YOUR TASK
Going down the listing below, print exactly each line from the one with "Medical Cleaning Kelowna" up to and including the one with "Horno Industrial Económico", and skip the rest.
══════
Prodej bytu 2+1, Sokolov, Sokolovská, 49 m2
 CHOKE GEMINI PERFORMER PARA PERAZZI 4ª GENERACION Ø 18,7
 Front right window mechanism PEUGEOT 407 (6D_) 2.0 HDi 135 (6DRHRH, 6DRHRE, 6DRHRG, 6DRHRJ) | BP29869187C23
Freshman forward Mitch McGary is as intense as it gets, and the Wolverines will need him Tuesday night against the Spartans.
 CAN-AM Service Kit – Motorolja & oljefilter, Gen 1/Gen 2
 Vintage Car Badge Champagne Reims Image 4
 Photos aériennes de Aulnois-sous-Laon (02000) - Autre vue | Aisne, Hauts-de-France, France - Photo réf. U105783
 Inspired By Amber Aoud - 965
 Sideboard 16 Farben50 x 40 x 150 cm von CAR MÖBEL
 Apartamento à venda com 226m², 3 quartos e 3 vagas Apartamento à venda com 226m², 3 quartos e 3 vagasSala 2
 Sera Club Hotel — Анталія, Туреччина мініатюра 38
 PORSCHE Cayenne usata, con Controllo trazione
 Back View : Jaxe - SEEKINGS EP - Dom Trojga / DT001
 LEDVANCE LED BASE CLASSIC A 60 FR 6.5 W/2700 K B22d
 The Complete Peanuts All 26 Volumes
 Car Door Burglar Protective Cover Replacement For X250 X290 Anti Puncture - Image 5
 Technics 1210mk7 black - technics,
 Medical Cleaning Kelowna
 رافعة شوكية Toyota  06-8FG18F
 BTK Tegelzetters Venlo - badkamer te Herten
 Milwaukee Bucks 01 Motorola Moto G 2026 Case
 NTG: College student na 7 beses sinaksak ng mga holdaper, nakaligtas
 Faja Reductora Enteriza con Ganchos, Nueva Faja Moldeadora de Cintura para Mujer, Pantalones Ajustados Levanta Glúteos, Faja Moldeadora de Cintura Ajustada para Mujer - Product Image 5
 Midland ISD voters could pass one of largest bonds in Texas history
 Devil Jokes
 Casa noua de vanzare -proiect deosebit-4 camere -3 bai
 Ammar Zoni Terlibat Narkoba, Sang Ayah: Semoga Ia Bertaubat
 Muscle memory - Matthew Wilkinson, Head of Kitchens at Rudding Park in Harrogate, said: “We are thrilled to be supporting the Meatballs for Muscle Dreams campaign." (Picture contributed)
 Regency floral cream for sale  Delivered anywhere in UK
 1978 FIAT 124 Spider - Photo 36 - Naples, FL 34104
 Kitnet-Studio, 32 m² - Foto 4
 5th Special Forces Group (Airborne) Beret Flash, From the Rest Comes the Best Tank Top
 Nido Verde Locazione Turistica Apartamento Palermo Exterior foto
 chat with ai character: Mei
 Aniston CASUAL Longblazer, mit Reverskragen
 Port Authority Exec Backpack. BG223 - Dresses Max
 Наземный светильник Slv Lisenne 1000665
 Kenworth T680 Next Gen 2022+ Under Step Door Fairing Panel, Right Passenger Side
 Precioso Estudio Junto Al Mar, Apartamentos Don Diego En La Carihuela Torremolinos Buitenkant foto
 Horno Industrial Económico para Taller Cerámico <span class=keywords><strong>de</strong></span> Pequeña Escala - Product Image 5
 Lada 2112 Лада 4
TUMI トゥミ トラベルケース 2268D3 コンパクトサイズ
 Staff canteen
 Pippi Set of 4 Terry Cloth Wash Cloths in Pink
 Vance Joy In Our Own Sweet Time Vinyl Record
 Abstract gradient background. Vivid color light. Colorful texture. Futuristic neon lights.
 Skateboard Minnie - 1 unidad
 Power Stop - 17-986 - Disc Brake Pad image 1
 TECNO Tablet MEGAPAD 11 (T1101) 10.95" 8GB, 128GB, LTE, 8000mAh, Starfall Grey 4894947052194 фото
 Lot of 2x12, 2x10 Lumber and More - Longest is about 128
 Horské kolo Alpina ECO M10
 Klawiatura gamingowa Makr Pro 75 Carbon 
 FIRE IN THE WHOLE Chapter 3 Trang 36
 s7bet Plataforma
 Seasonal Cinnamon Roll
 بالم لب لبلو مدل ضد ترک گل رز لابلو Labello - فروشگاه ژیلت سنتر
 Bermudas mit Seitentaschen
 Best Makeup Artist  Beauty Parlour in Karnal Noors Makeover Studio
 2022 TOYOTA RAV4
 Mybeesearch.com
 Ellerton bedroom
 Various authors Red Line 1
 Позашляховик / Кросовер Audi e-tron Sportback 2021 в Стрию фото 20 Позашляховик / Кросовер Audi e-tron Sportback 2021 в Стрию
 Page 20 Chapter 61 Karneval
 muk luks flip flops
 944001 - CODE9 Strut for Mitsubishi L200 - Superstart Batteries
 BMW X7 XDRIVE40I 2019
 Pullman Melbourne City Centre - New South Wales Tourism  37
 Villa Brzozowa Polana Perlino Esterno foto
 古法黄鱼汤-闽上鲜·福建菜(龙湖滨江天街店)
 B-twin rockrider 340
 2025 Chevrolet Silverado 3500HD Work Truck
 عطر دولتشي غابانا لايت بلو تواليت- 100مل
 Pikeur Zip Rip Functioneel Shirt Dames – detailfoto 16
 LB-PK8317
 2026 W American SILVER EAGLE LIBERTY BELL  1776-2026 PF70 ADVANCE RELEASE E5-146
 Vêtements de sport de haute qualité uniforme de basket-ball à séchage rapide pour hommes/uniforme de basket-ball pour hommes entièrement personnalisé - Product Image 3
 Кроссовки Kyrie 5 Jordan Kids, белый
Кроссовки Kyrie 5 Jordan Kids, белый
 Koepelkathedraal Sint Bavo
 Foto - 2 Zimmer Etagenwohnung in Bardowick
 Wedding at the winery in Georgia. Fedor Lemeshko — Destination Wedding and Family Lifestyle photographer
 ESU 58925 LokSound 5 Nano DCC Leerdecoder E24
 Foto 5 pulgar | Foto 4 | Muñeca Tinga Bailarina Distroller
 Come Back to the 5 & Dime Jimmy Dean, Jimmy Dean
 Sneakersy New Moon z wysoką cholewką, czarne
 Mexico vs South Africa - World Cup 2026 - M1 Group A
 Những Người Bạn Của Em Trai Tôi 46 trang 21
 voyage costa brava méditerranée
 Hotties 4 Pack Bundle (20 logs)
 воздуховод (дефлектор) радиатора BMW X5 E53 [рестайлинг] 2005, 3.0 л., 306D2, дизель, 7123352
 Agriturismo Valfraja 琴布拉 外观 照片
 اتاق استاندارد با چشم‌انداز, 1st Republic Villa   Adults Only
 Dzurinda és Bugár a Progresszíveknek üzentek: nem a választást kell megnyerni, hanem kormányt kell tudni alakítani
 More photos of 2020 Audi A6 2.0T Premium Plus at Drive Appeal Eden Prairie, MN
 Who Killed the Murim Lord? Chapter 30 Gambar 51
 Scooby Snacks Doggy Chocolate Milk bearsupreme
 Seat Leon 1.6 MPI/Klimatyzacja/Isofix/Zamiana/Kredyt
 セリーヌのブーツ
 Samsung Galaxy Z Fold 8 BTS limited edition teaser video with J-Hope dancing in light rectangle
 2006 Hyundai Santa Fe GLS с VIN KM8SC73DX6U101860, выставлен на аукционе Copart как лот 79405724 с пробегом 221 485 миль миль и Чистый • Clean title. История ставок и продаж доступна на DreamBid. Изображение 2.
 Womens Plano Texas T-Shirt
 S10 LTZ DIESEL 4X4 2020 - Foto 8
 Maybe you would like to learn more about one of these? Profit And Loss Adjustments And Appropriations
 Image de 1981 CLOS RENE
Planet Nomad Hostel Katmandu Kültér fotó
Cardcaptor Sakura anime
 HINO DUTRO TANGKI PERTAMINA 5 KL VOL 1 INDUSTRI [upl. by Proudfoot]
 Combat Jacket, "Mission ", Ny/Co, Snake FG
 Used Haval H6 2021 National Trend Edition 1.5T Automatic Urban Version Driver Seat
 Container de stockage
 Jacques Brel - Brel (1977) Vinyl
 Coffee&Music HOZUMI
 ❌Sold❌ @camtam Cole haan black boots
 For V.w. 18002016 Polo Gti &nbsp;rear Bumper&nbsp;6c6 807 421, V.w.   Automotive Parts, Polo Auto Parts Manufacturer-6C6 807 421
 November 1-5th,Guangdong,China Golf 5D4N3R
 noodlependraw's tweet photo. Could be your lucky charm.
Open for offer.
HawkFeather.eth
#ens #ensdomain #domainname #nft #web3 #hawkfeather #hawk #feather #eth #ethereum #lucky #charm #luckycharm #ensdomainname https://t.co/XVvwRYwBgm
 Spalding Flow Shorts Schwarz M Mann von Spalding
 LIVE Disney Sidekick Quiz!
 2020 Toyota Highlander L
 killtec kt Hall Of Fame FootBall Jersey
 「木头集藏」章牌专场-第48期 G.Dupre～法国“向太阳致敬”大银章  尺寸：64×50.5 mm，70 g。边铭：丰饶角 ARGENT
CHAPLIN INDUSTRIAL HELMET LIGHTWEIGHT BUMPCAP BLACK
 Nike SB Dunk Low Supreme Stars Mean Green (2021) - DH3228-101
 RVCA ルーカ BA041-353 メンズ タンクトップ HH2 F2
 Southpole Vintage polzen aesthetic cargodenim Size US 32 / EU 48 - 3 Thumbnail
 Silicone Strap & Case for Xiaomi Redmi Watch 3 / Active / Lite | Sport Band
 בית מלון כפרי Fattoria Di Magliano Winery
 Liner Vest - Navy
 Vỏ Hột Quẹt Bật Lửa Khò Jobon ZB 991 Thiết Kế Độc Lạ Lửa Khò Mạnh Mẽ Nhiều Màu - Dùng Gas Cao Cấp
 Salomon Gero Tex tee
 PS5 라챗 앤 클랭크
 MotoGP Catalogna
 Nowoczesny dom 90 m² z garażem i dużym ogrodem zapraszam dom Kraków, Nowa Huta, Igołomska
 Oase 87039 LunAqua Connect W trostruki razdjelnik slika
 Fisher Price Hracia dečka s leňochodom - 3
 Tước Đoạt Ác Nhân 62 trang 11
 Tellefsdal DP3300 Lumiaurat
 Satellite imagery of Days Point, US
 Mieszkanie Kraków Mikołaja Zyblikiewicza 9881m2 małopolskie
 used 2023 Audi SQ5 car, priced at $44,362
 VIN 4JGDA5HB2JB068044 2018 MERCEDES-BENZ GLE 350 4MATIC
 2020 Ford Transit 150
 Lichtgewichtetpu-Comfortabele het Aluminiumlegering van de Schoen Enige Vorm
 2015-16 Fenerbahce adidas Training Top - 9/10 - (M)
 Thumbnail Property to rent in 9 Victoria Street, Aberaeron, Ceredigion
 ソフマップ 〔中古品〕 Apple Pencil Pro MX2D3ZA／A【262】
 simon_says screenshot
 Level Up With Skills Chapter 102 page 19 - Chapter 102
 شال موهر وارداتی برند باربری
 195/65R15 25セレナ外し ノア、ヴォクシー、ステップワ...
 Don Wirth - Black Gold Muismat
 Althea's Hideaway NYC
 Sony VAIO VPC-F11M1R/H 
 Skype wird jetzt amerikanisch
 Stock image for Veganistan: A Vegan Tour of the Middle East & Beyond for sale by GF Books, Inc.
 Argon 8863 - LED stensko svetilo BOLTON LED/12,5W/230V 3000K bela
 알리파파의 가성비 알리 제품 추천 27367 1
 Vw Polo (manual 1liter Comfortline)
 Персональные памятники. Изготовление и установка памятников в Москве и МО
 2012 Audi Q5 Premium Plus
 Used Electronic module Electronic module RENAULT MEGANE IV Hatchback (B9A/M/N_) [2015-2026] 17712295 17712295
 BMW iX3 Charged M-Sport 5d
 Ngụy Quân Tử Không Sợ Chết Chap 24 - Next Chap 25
══════
YOUR SOLUTION
 Medical Cleaning Kelowna
 رافعة شوكية Toyota  06-8FG18F
 BTK Tegelzetters Venlo - badkamer te Herten
 Milwaukee Bucks 01 Motorola Moto G 2026 Case
 NTG: College student na 7 beses sinaksak ng mga holdaper, nakaligtas
 Faja Reductora Enteriza con Ganchos, Nueva Faja Moldeadora de Cintura para Mujer, Pantalones Ajustados Levanta Glúteos, Faja Moldeadora de Cintura Ajustada para Mujer - Product Image 5
 Midland ISD voters could pass one of largest bonds in Texas history
 Devil Jokes
 Casa noua de vanzare -proiect deosebit-4 camere -3 bai
 Ammar Zoni Terlibat Narkoba, Sang Ayah: Semoga Ia Bertaubat
 Muscle memory - Matthew Wilkinson, Head of Kitchens at Rudding Park in Harrogate, said: “We are thrilled to be supporting the Meatballs for Muscle Dreams campaign." (Picture contributed)
 Regency floral cream for sale  Delivered anywhere in UK
 1978 FIAT 124 Spider - Photo 36 - Naples, FL 34104
 Kitnet-Studio, 32 m² - Foto 4
 5th Special Forces Group (Airborne) Beret Flash, From the Rest Comes the Best Tank Top
 Nido Verde Locazione Turistica Apartamento Palermo Exterior foto
 chat with ai character: Mei
 Aniston CASUAL Longblazer, mit Reverskragen
 Port Authority Exec Backpack. BG223 - Dresses Max
 Наземный светильник Slv Lisenne 1000665
 Kenworth T680 Next Gen 2022+ Under Step Door Fairing Panel, Right Passenger Side
 Precioso Estudio Junto Al Mar, Apartamentos Don Diego En La Carihuela Torremolinos Buitenkant foto
 Horno Industrial Económico para Taller Cerámico <span class=keywords><strong>de</strong></span> Pequeña Escala - Product Image 5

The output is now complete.